Best practices for managing memory usage

This page describes how to configure memory usage for a Cloud SQL instance.

Introduction

When you create a Cloud SQL instance, you select an amount of memory for the instance. As a PostgreSQL database's workload increases, the instance's memory usage increases. Instances that consume lots of memory can create a performance bottleneck that can sometimes lead to out-of-memory issues.

When a Cloud SQL instance runs out of memory because of an increased demand, it can cause database downtime. Therefore, it's important to configure the instance memory and the memory-related database flags properly and monitor the memory usage so that the instance operates in a healthy state.

PostgreSQL memory components are broadly divided into two sections:

  • Global memory:this is shared across all processes to execute queries; for example, shared_buffers and max_connections .
  • Local memory:this is dedicated memory assigned to each connection; for example, work_mem , maintenance_work_mem , and temp_buffers .
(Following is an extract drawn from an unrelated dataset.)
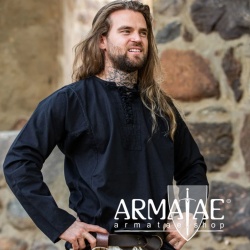 Weiches Bauernhemd Felix Schwarz 2018s mit Taschen von Leonardo Carbone bei Armatae.shop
For other configuration considerations, see General best practices and Operational guidelines .

Memory usage and flags

Whenever there's high memory usage by Cloud SQL instances, the following questions might arise:

  • Which query or process is using high memory?
  • Are the memory settings adequate for the database activity?
  • How do you change the memory settings?

When a PostgreSQL database operates, most memory usage occurs in a few areas:

  • Shared buffer: this is the shared memory that PostgreSQL allocates to hold table data for read and write operations. For the read operation, any data that's requested from disk is first fetched to RAM and then it's given to the client. Similarly, in PostgreSQL, when the data is requested (for example, SELECT * from emp ), it's first fetched from disk to shared_buffers for caching, and then it's given to the client. The same thing happens with the write operation.

    Shared buffer is also the shared memory area for all processes and connections for database activities such as data caching, connection caching, and Data Manipulation Language (DML) operations. The maximum that this area can allocate is specified by the shared_buffers flag and the default is 33% of the instance's memory. If the value of shared_buffers is high, the size of the data cached in memory is high.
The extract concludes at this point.